Slow Car Fast
THE MG
July 25, 2009 - Janel and I took a bit of a break and headed off on a trip for a while.
Three weeks away is great for clearing the head. Plus, it meant that there were a new set of Moser axles waiting for me upon my return.
But I have a problem. Part of the error in the original Moser axles was a C clip groove that was 0.025" too large in diameter. So I had to tap the clips into place. If I had more experience with these sorts of axles, that should have been a danger sign. The result is that I simply can't get the clip off one of the axles. It's the side with the ring gear, which is blocking my access somewhat.
I've been fighting this for a while. Right now, it looks as if the best option will be destructive removal of the clip, and the best suggestion I've heard for that is freezing with liquid nitrogen and then employing a short, sharp shock with a chisel. Cutting doesn't look plausible due to access problems. I'll cut the axle in half if I have to, but I have to figure out how to get in there to do the cutting.
The good news is that the only part of this whole assembly I really need to keep is the housing. If I have to cut the differential apart, so be it.
I also learned yesterday that Z28 Camaros have a Torsen differential. Excellent. No, wait, that's 1999-02 Z28s. Our donor is a 1998. I think that means we have a Positraction. I'm trying to learn more about that now.
entry 193 - tags: rear axle
July 26, 2009 - I win!
I always win. It's just a matter of how much the car has to suffer, really.
I asked the creative minds on the Grassroots Motorsports forum for suggestions. While I initially homed in on the liquid nitrogen option, one comment stuck with me. Drill a hole for a screw and pull it out. But if I can drill a hole for a screw, what if I drill a larger hole and cut the C clip in half?
I didn't quite manage to break it in half, but I weakened it enough that I was able to spread the clip apart and remove it. Voila, the axle has gained its freedom!
Unfortunately, that's liable to be the end of any work on the MG for some time. I'm working on a new book and it's late. Very late. My editor has run out of smiles, so all my free time for the next few months will be spent putting words together. The MG will resume once I have also gained my freedom.
entry 194 - tags: rear axle
August 18, 2009 - We have a new car!
In part exchange for some work I did on an MG Midget a few months back, this 1969 GT got dropped off. It's a parts car with no engine or brakes, and I was expecting a real wreck. It's actually not all that bad! A few bubbles on the sills, as one might expect, but no gaping holes. The paint looks as if it may have been applied with a brush, but at least someone took the trim off first. The grille is pretty good, bumpers are solid, the dash looks good - overall, it's salvagable. I even have a title.
I'm almost going to feel bad using this as a parts car. Let's see how many parts I actually need first.

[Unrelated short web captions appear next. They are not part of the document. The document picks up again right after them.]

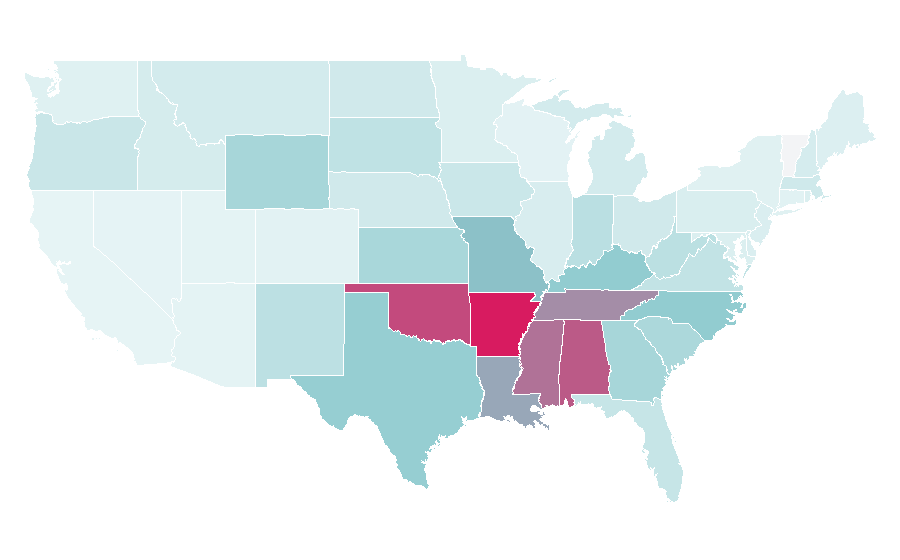 Affinity by region — First Baptist Church (Atlanta), United States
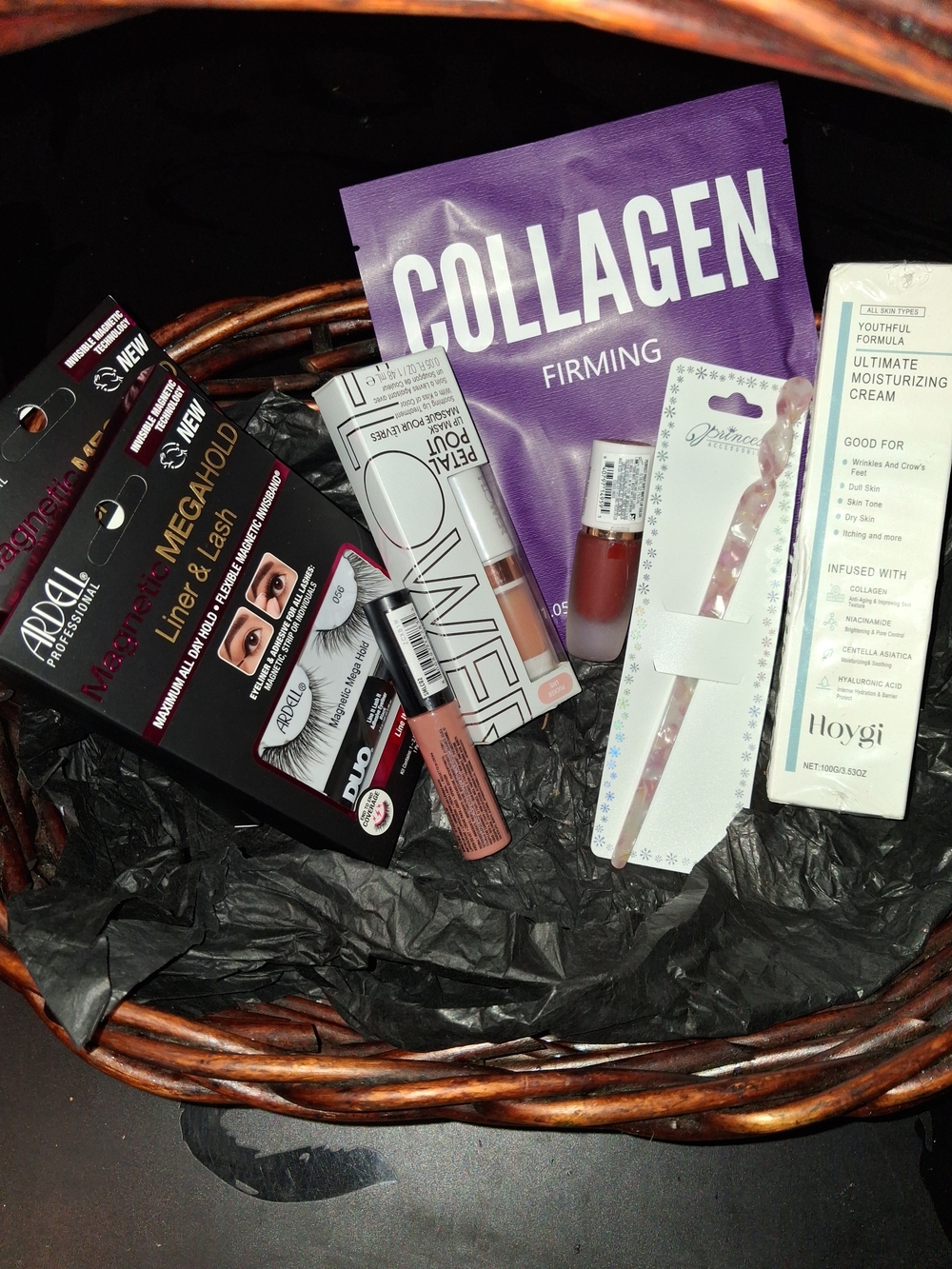 Assorted Full Size Beauty Lot Ardell Magnetic Lash Kit Collagen Firming Mask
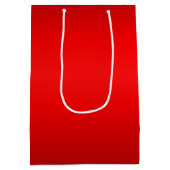 Red Glow Holiday Mittlere Geschenktüte (Rückseite)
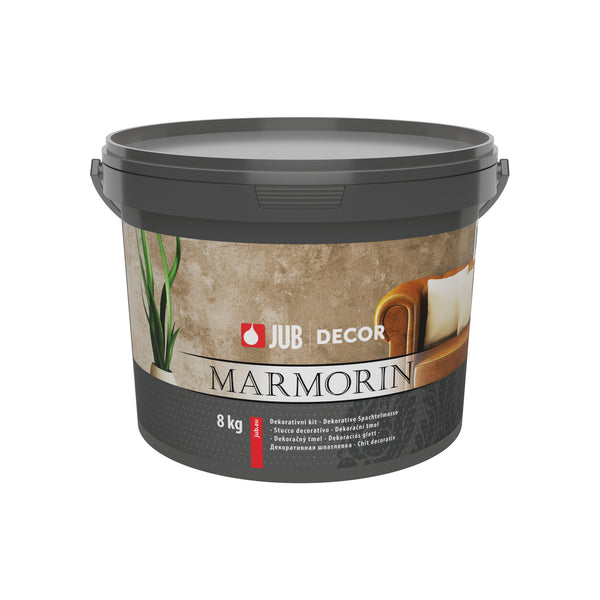 JUB DECOR Marmorin bílý akrylátový dekorační tmel na zeď 8 kg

entry 195 - tags: parts car
August 18, 2009 - The parts car came with the older style taillights.
A number of people have commented how they like these better than the chunkier ones on our 1972. I may swap them out. It's an interesting option. The parts car is missing the upper section of one light, but Moss has those for $17.30.
entry 196 - tags: parts car, taillights
August 18, 2009 - The interior of the parts car isn't exactly pristine, but the dash is in better shape than the 1972 one.
It's a pillow dash without a glovebox, but the switchgear is in much better shape and the instruments look really good. Excellent source for restoration parts. Plus it comes with a "Personal" steering wheel!
I love the wood trim on the bottom of the doors. That's actual wood paneling.
entry 197 - tags: parts car, dash
August 18, 2009 - Now here's the right way to do a major swap.
This poor BMW M3 got stuffed full of all sorts of late-model parts. It's a real sleeper and the pictures of the full build are worth a close look. Beautiful work.
What really impressed me was how it was done. Check out that big solid build table. It's flat, straight and level. The front and rear subframes were bolted to extensions on that table to ensure they were perfectly positioned. Then the various frame parts needed to keep them together were welded up, and the car was built up from there. Even the exhaust system used the build table for alignment.
That's how to do it right. None of this "cut the frame rails off, build replacements on the table and then weld them in" stuff that hacks like me do in their garage. The fabrication involved is beautiful as well.
I can't wait until I'm done with the book so I can dive back into this car. I'm going to keep going back to these photos for inspiration so that when the time comes, I'll be motivated to do a similar quality job.
The full story of the build from the guys who did it.
entry 198 - tags: other builds
October 26, 2009 - The book is done, so it's time to tear back into the MG.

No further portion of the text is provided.